Requirement »
Return the listing below unchanged, minus its pictures.

--- Source data Enclosed Below ---

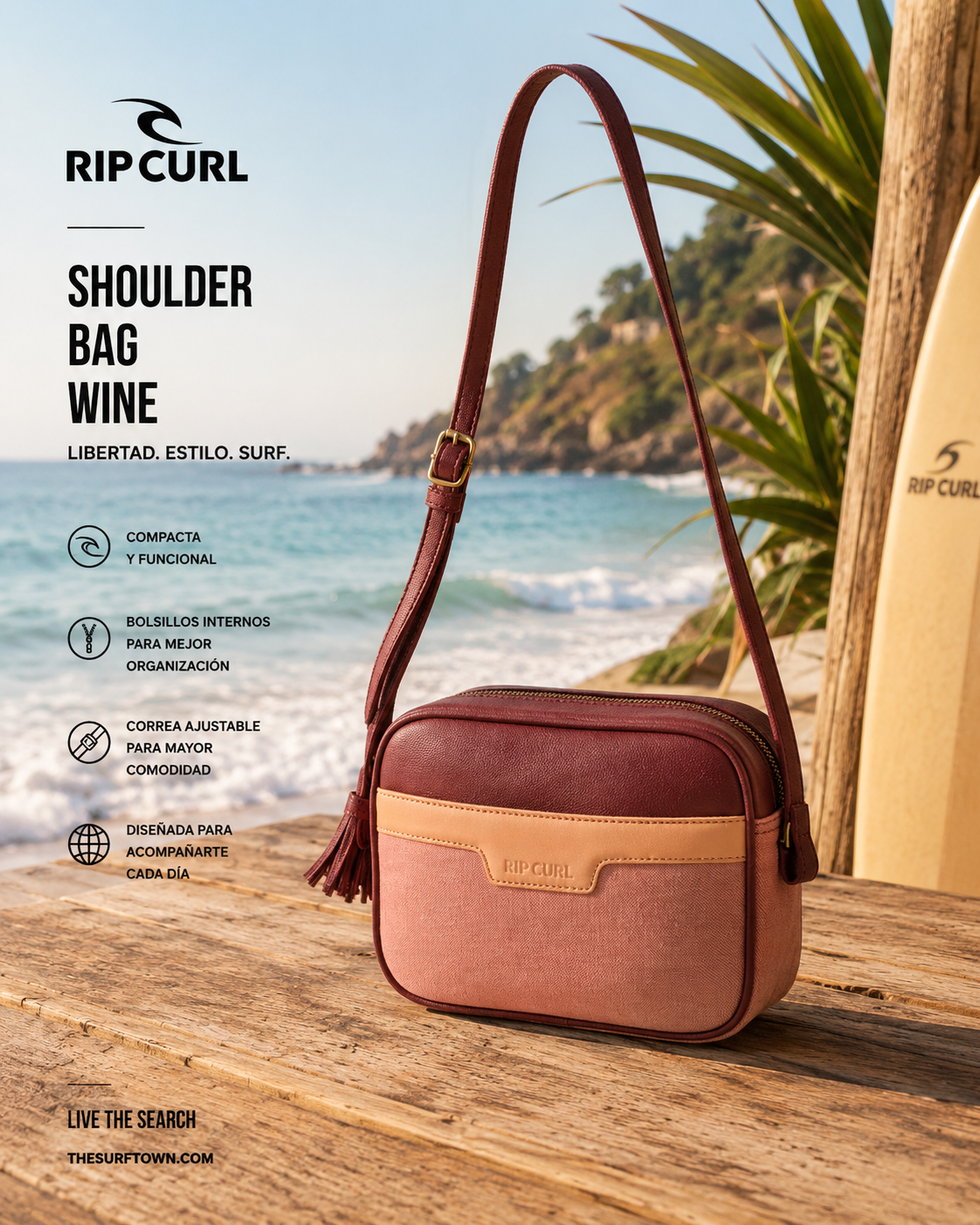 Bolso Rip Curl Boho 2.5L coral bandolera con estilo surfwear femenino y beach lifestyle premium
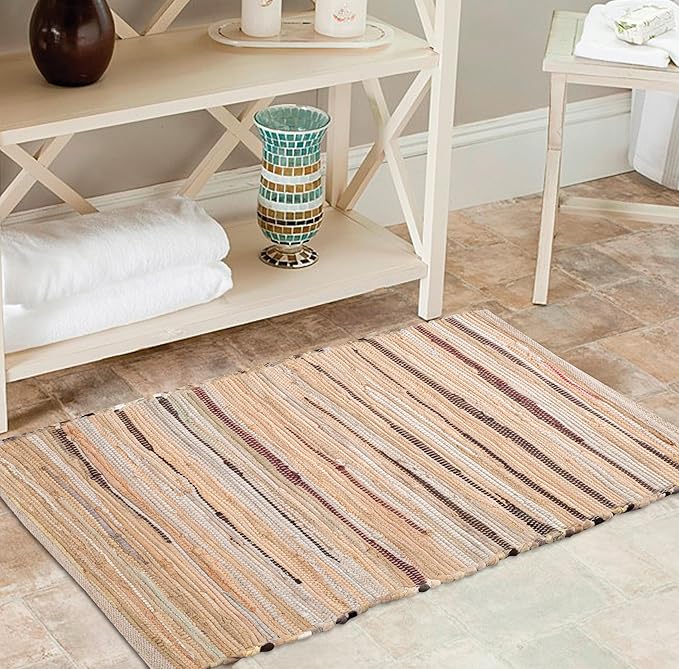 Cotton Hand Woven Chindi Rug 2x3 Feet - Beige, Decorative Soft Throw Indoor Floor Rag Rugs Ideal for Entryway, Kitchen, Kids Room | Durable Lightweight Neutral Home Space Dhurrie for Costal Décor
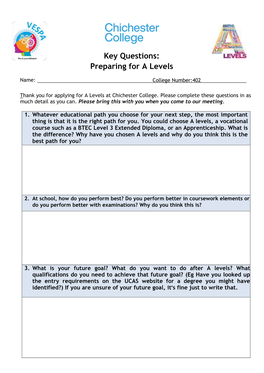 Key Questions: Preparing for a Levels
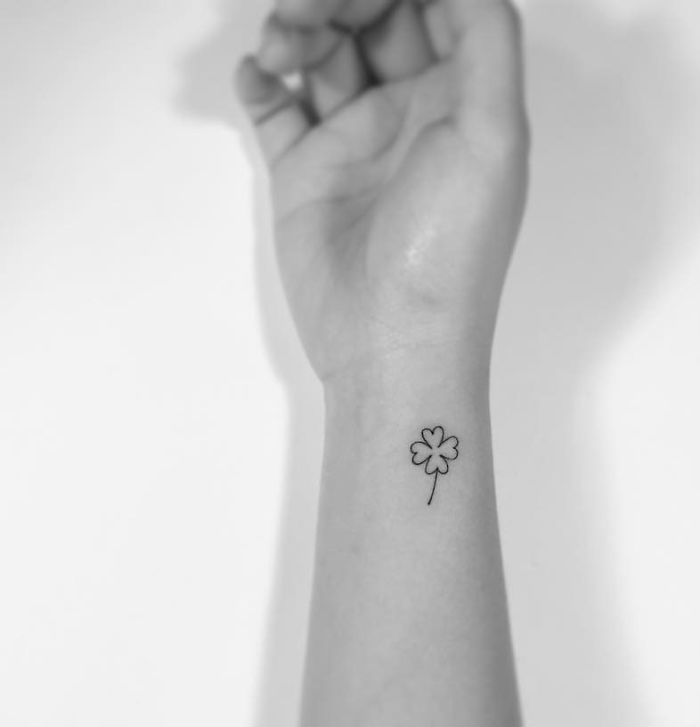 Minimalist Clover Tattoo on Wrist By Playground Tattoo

--- End of Enclosed Source data ---

Answer below »
 Bolso Rip Curl Boho 2.5L coral bandolera con estilo surfwear femenino y beach lifestyle premium
 Cotton Hand Woven Chindi Rug 2x3 Feet - Beige, Decorative Soft Throw Indoor Floor Rag Rugs Ideal for Entryway, Kitchen, Kids Room | Durable Lightweight Neutral Home Space Dhurrie for Costal Décor
 Key Questions: Preparing for a Levels
 Minimalist Clover Tattoo on Wrist By Playground Tattoo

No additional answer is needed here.